Bu yıl 30 Nisan 1977'deki ilk gösterilerinin 46. yıldönümüydü. O Cumartesi günü, Plaza de Mayo Anneleri (Madres de Plaza de Mayo) ilk kez daha sonra kendilerinin adı olacak olan meydanda bir araya gelmişlerdi. O günden sonra kaybedilmiş çocuklarının kaderini öğrenmek üzere 2 bin 392 kez aynı meydana geri geldiler.
İlk buluştuklarında, arkada hiç bir iz bırakmadan kaybedilen oğulları ve kızlarına ne olduğunu öğrenme talebiyle o meydanda ayakta dikilerek bir protesto gerçekleştirmeyi düşünmüşlerdi. Ancak, askeri diktatörlük boyunca iki veya daha çok kişinin bir araya gelmesi yasaktı. Onlara orada öylece dikilip duramayacakları söylenince Buenos Aires şehir merkezindeki hükümet sarayı Casa Rosada önündeki Plaza de Mayo'da çember çizerek dolaşmaya başladılar.
Kaybedilen çocuklarının
peşinde kaybedilen Anneler
Azucena Villaflor |
Anneler, kaybedilmiş çocuklarının bebeklik bezlerinden yaptıkları başörtüleri takmaya başladılar, kaybedilmiş yakınlarının fotoğraflarını ellerinde taşır oldular, gösterileri hızla medyanın gündemine girdi ve halkın ilgisini çekti. Bu ilk buluşma, şiddet karşısında susmayı reddeden ve çocuklarının kaderi konusundaki hakikati bilme hakkı için mücadele eden kadınların güçlü mücadelesine evrilen hareketin zeminini hazırlayacaktı.
Esther Ballestrino |
Mücadeleleri, kurucularının üçünün -Azucena Villaflor, Esther Ballestrino ve María Ponce de Bianco- Aralık 1977'de uğruna meydana çıktıkları sevdikleri gibi göz altında kaybedilmesiyle de durdurulamadı.
Plaza de Mayo yürüyüşleri sabit bir zamana bağlandı: Her Perşembe öğleden sonra saat 15:30. COVID 19 pandemisi dönemi dışında hiç durmadılar. Bugün de hala çocuklarına ne olduğunu bilmiyorlar ve onların kaderi hakkında bilgi edinme talebini sürdürüyorlar.
Maria Ponce de Bianco |
Farklı hareketlerden aktivistleri ve hak savunucularını diğer insan hakları eksenleri ve siyasal konular -işçi mücadeleleri, adalete erişim, ifade özgürlüğü ve polis zulmü- üzerine konuşmaya çağırıyorlar.
Aralarından Hebe de Bonafini (geçtiğimiz yıl vefat etti ), Nora Cortiñas ve Taty Almeida gibileri dünya çapındaki mücadelelerde direniş ve umudun simgeleri oldular. Anneler, başka yerlerde kaybedilmiş çocuklarının peşine düşen başka annelerin bir araya gelip örgütlenmelerine yardımcı oldular.

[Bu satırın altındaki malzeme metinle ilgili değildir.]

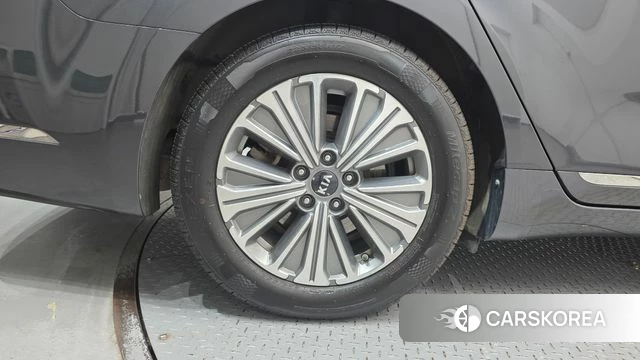 Kia All New K7 Hybrid id 4952806 из Кореи 29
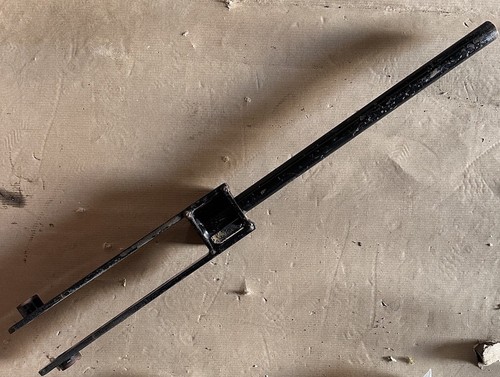 Bending lever handle suit - lever,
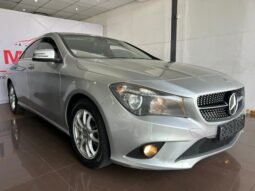 2014 Mercedes-Benz CLA 200 Auto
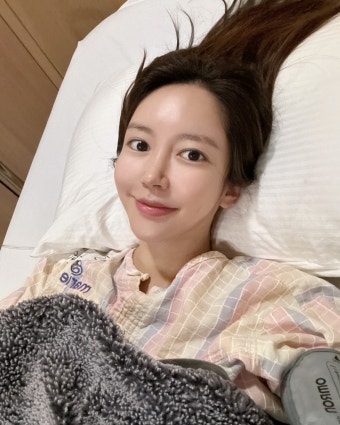 '이필립' 박현선, 둘째 순산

Meksika'da kaybedilen 43 Ayotzinapa öğrencisini, kaybedilmiş gençlerini ve ailelerini arayan Sahralı kadınları ve başkalarını bir araya getirip desteklediler.
Zamanında askerlerin "Plaza de Mayo'nun 'kaçıkları'" diye adlandırdıkları annelerin Arjantin'deki hafıza, hakikat ve adalet sürecine katkıları günümüzde hem devlet hem sivil toplum tarafından kabul ve takdir ediliyor.

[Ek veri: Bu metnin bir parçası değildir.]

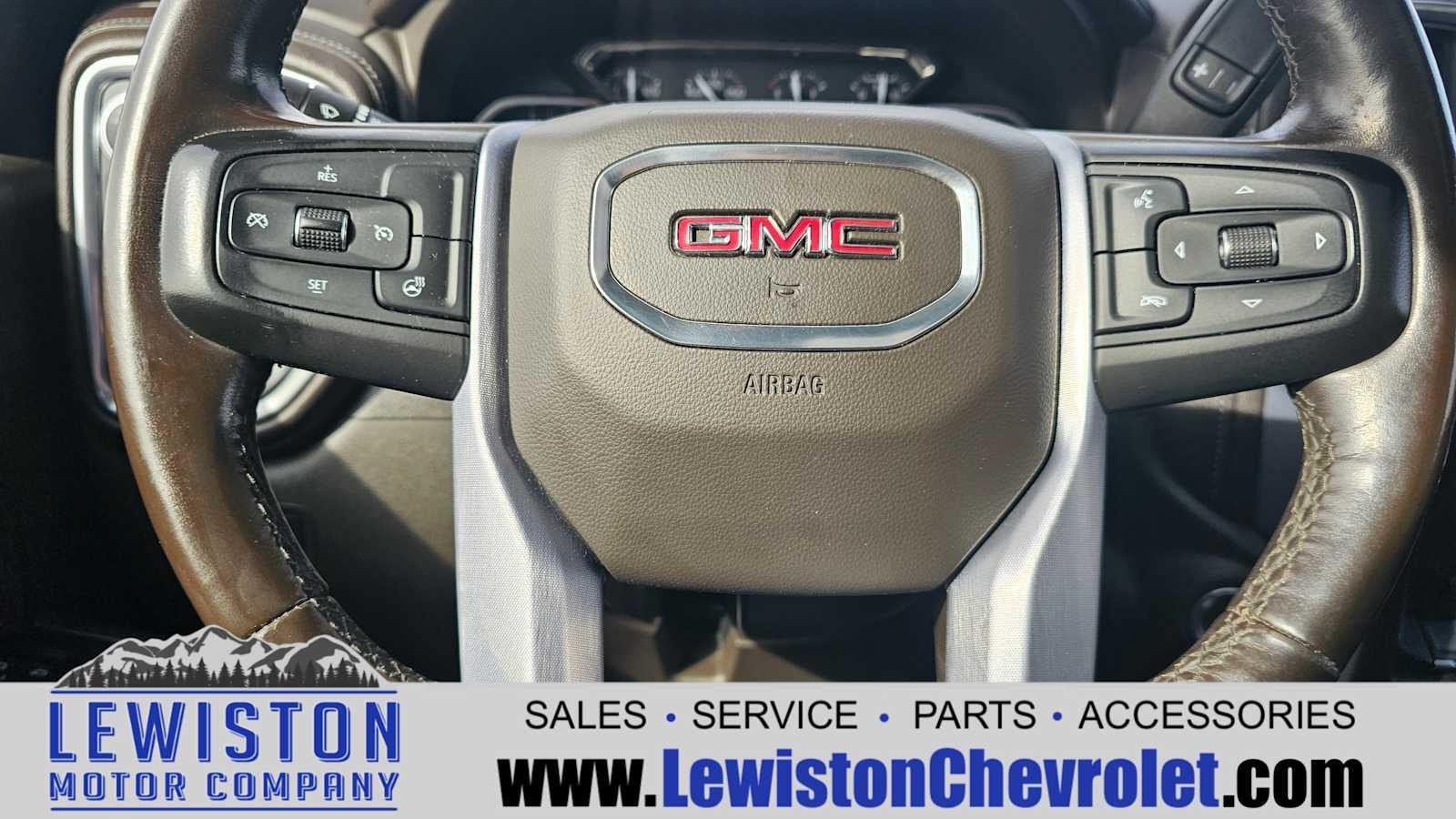 2020 GMC Sierra 1500 SLT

Plaza de Mayo Annelerinin halkın önündeki bu ilk açık etkinlikleriyle birlikte siyasal mahkumların yakınlarına toplumsal destek giderek büyüdü ve tüm dünyada insan haklarının simgesi haline gelen Mayo Meydanı'nda kesintisiz her hafta düzenli olarak yürüyen 2 bin kadını bir araya getirmeyi başardı.

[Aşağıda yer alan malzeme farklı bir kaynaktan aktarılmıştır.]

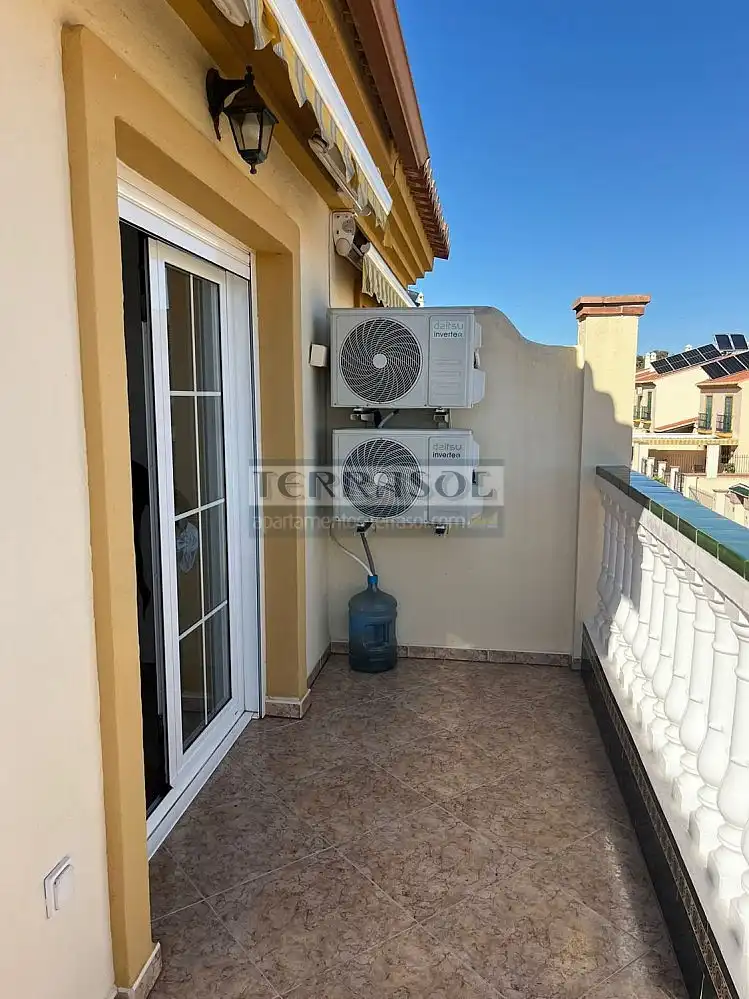 Villa con piscina in vendita a Torre del Mar, imagen 37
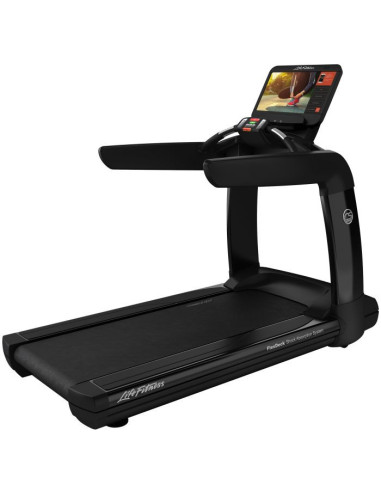 Life Fitness Platinum Discover SE3 HD Tapis de Course Professionnel - BLACK ONIX 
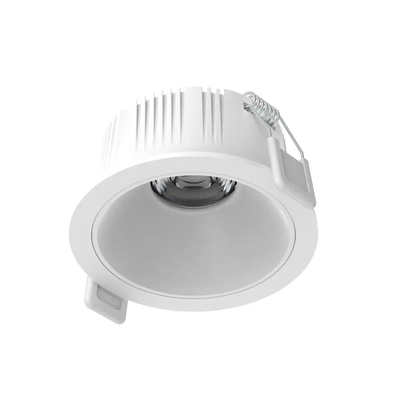 服装店专用筒灯婚纱商用店铺吊顶防眩筒灯led射灯嵌入式4500k筒灯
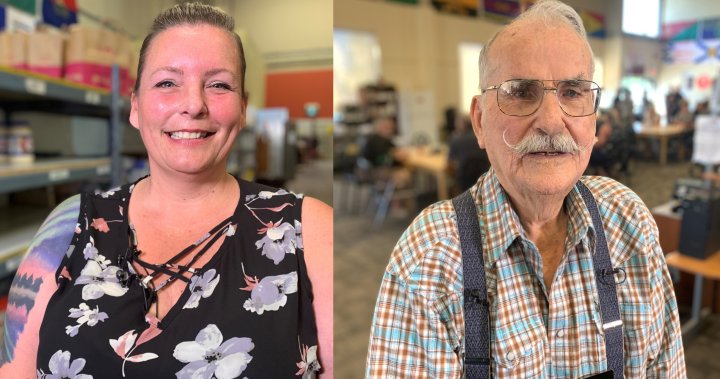 Edmonton Veterans Association asking for donations to food bank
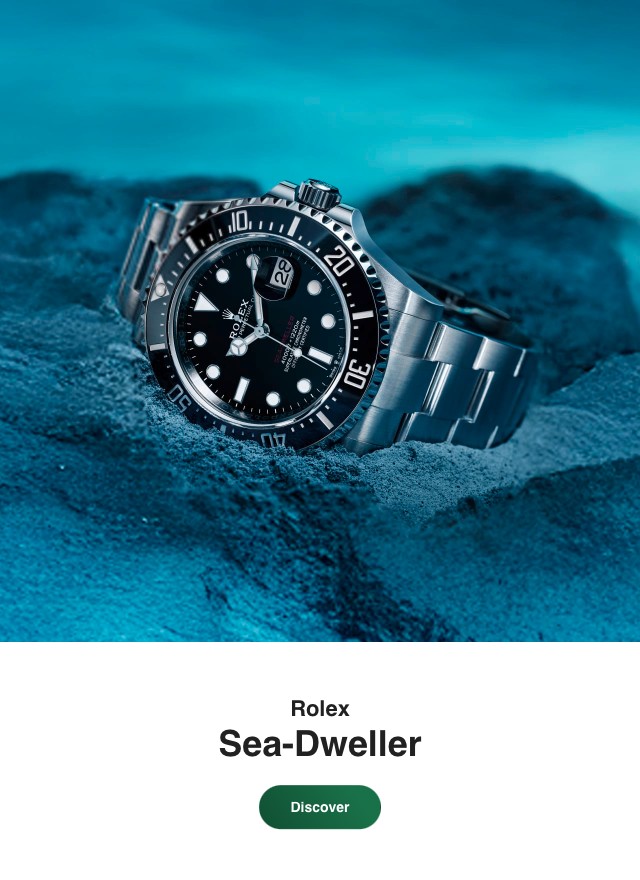 Rolex Sea Dweller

"Acıyı sevgiye dönüştürdüler"
47. yıla girerken düzenlenen anmada konuşan üniversite öğrencisi Maria Gomez, "Kırk altı yıllık direniş ve cesaret. Kırk altı yıl boyunca bütün bir ülkeye yürümeyi öğretti. Acıyı sevgiye dönüştürdüler. Sevgili büyükanneler, başörtünüz bizim bayrağımız, onu yükseklerde dalgalandırıyoruz." diyordu.
"Çağımızda hala demokrasi karşıtlarının sesi güçlü çıkıyor. Bununla birlikte, Mayo Meydanı Anneleri'nin mirası -sebat etmek ve susmamak- sapasağlam ayakta" diyen Başkan Alberto Fernandez, Devlet terörizmine karşı "seslerini yükselten" kadınların mücadelesini selamlıyor.
"Onların mücadelesi halkımızın bağrında sonsuza dek yaşayacak. Onların sloganları 'Bir Daha Asla' ve 'Hafıza, Hakikat ve Adalet' Arjantin demokrasisinin bugünü ve geleceğidir."
Arjantin İnsan Hakları Bakanlığının yayınladığı videoda Mayo Meydanı Anneleri'nin kurucularından Nora Cortiñas'ın sesi çınlıyor: "Hep korkarak ama bütün gücümüzle ve bedenimizi siper ederek -bu meydanı işte böyle doldurduk."